Mención aparte merece la elección del alcalde más joven de la historia de Nueva York. Pocas figuras en la política reciente han sido tan histéricamente vilipendiadas y su ascendencia tan denunciada por las oligarquías, que lo ven como un peligro estructural no solo para la ciudad, sino para el país. Mamdani, musulmán y socialista, es sin lugar a dudas un político carismático, cuyo éxito se debe a su autenticidad y su conexión con las preocupaciones de los neoyorkinos, quienes enfrentan una crisis de asequibilidad sin precedentes. Su ascendencia es resultado del fallo de los políticos tradicionales a la hora de ofrecer soluciones a tales crisis, por quijotescas o improbables que sean. En ese sentido, pueden trazarse paralelos populistas con el mismo Trump, como astutamente ha señalado el mismo Steve Bannon. Lo más probable es que Mamdani tenga una alcaldía turbulenta, marcada por más derrotas que victorias en su intento de reformar la ciudad. Muchas de sus reformas no son ideas nuevas y han sido probadas con mayor o menor éxito, pero dependen de su capital político en la legislatura estatal. Como presunto símbolo ideológico de los demócratas, Mamdani será un blanco fácil para los republicanos, al estilo de Sanders u Ocasio Cortez. Sin embargo, Mamdani no cuenta con un futuro político previsible a nivel nacional. La alcaldía de Nueva York no ha demostrado ser un trampolín para aspiraciones más altas, como lo han demostrado en el pasado los casos de Giuliani, Bloomberg o de Blasio.

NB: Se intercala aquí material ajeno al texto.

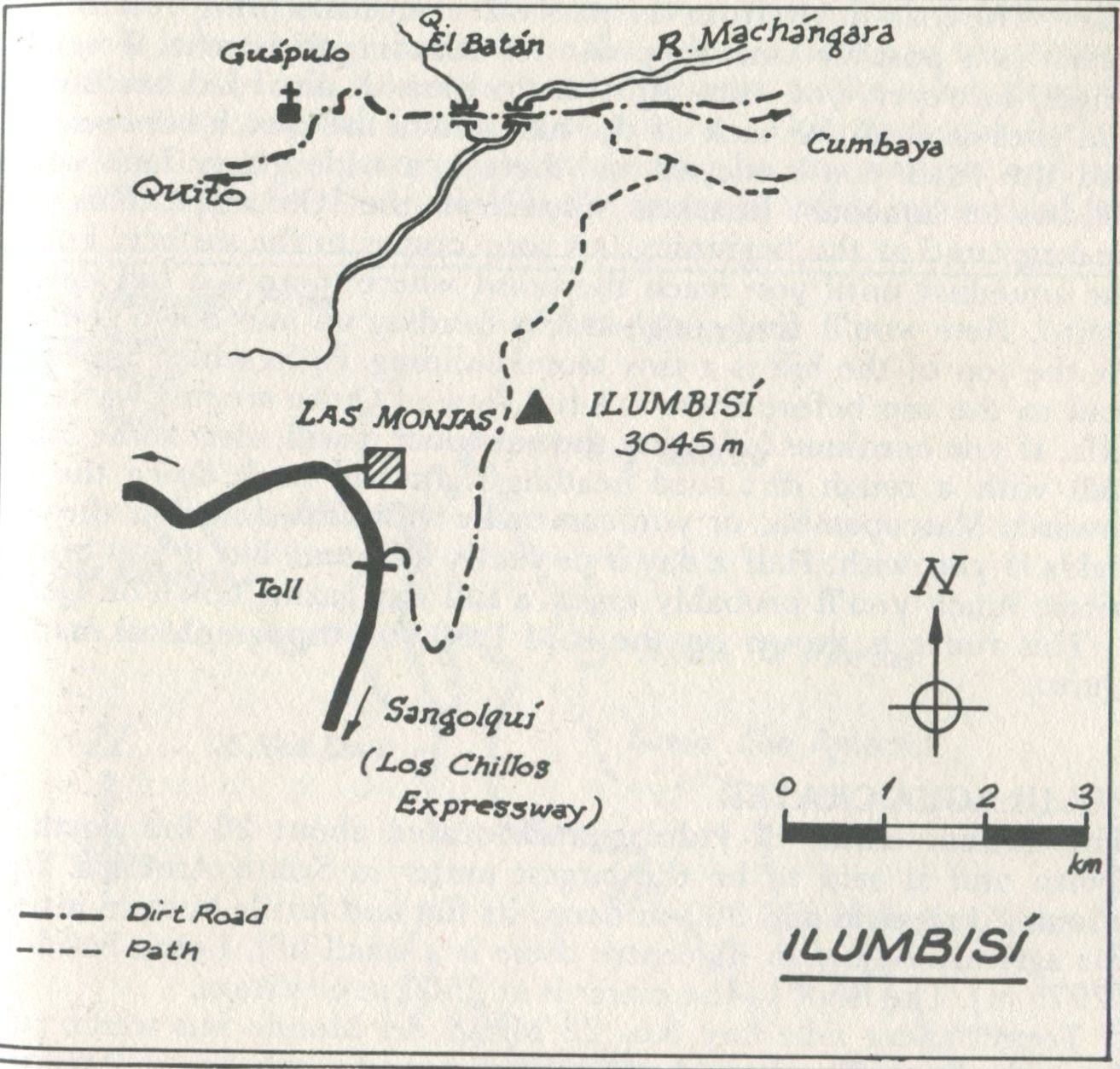 Map of Ilimbusi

Cada elección, sobre todo con resultados tan desequilibrados, conlleva análisis y correcciones por parte de ambos partidos políticos. Los eufóricos demócratas, apoyados por las estadísticas, creen haber encontrado el camino de vuelta a la relevancia política en la moderación, el foco en temas económicos, el entusiasmo de los votantes y, sobre todo, en la oposición a Trump. La mayor lección de 2025, en contraste con 2024, reside en que los votantes han experimentado a un presidente aún más desbocado que en su primer mandato, y han empezado a rechazarlo. Por su parte, los republicanos han buscado consuelo en el hecho de que fueron elecciones locales, de que sus candidatos no eran lo suficientemente trumpistas, o de que necesitan reenfocarse en los temas económicos. A su vez, el presidente Trump ha tratado de alejarse de la derrota, culpando al cierre del gobierno y al hecho de que él no figuraba en las boletas como candidato. Pero, históricamente, tanto las elecciones locales como las de medio término han sido un barómetro para evaluar la actuación del presidente recién elegido y, con él, la de su partido. El péndulo político ha empezado a moverse a favor de los demócratas. Queda por ver si los republicanos son capaces de extraer de Trump las necesarias correcciones para no sufrir una derrota aún peor en 2026, o si naufragan en el barco con su capitán.

La derrota electoral en estas elecciones locales para los republicanos no ha sido devastadora, pero sí es una especie de referendo sobre la presidencia de Trump: desde 2016 la gente no vota Republicano, la gente vota Trump.
Sin Trump, el Partido Republicano no podría ni fingir que existe.